ASSIGNMENT: Take nothing but the lines from the one with "Stickify DBZ Cell Autómatrica" through the one with "Cherry Pop Chapter 5 - Page 86" in the entries below, both ends kept, and return them exactly with pictures left out.

[[ INFORMATION PROVIDED open ]]

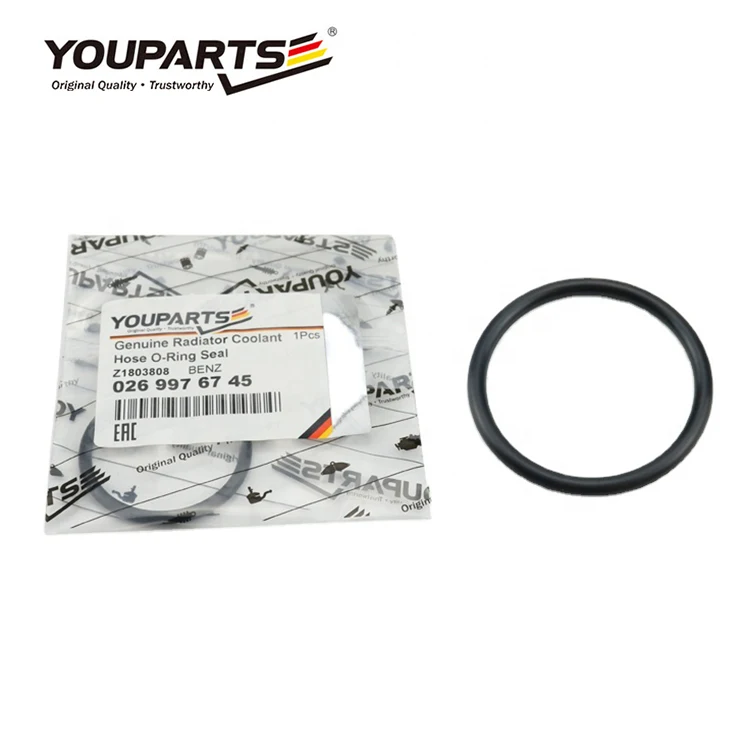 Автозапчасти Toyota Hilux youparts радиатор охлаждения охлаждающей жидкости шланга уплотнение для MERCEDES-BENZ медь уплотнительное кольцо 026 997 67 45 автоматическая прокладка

[[ INFORMATION PROVIDED closed ]]
[[ INFORMATION PROVIDED open ]]

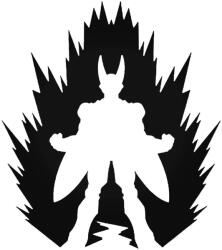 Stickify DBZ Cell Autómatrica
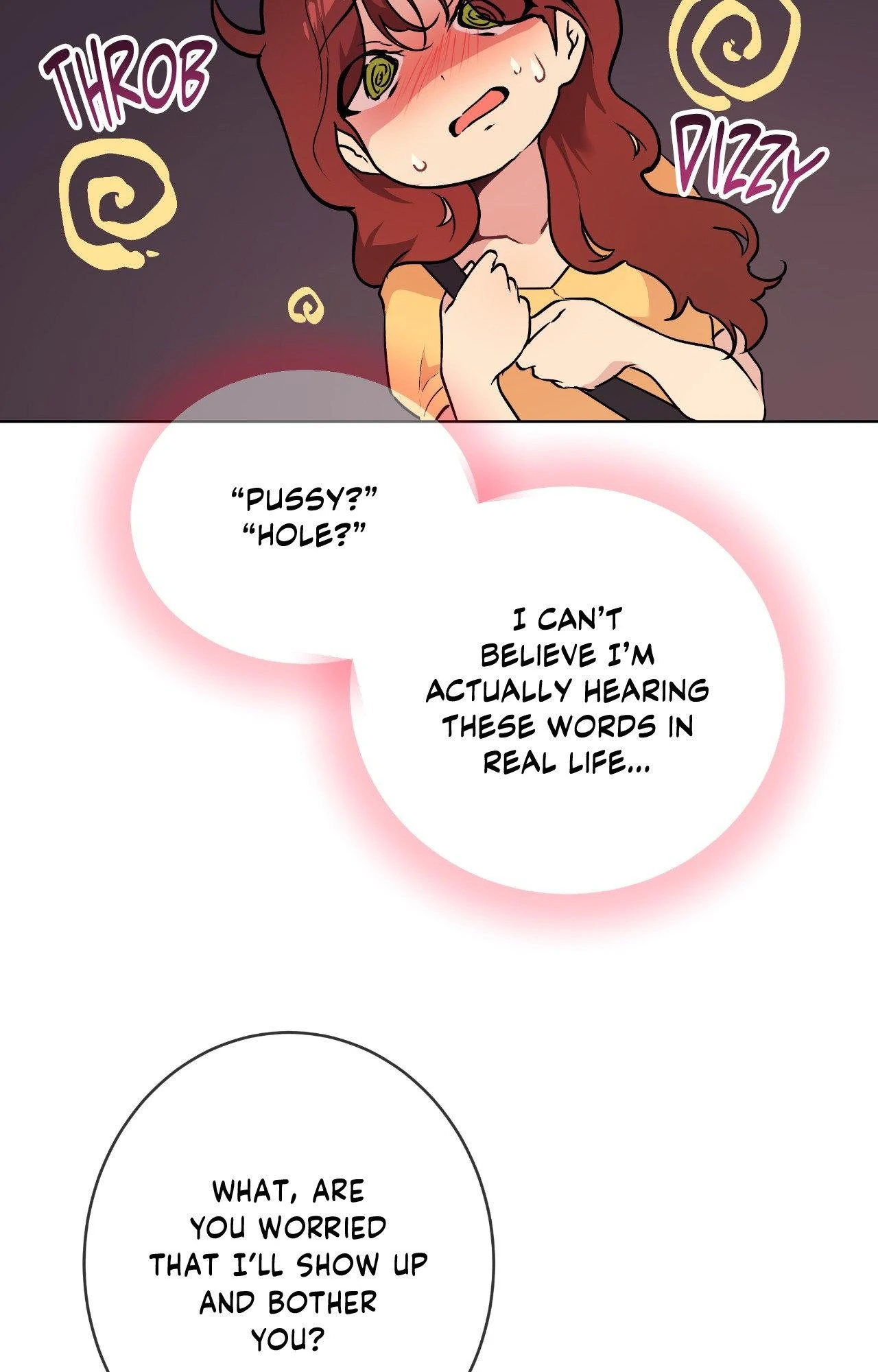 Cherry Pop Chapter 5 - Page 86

[[ INFORMATION PROVIDED closed ]]
[[ INFORMATION PROVIDED open ]]

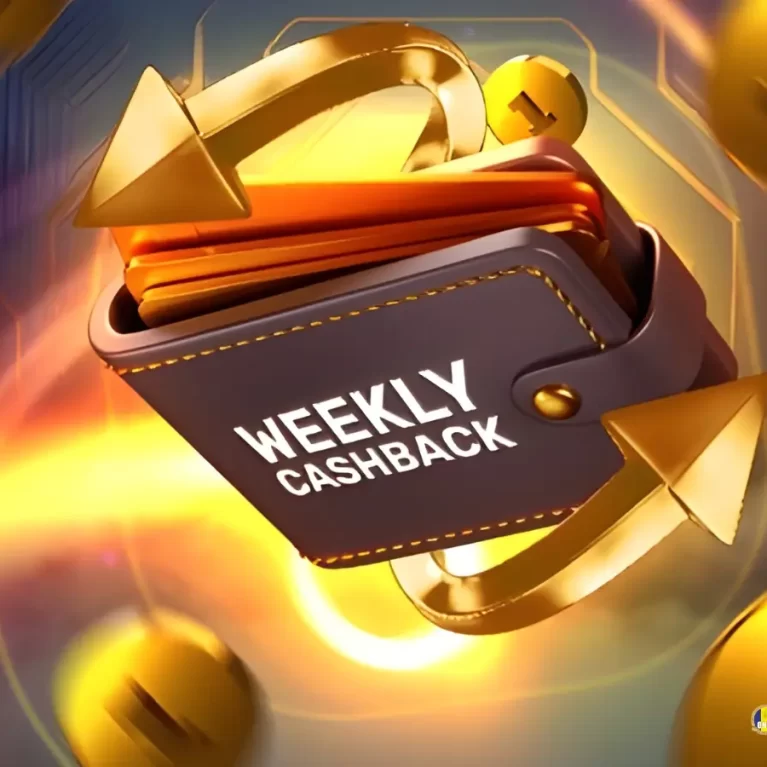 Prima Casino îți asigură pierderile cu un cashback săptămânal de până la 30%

[[ INFORMATION PROVIDED closed ]]

TASK OUTPUT:
 Stickify DBZ Cell Autómatrica
 Cherry Pop Chapter 5 - Page 86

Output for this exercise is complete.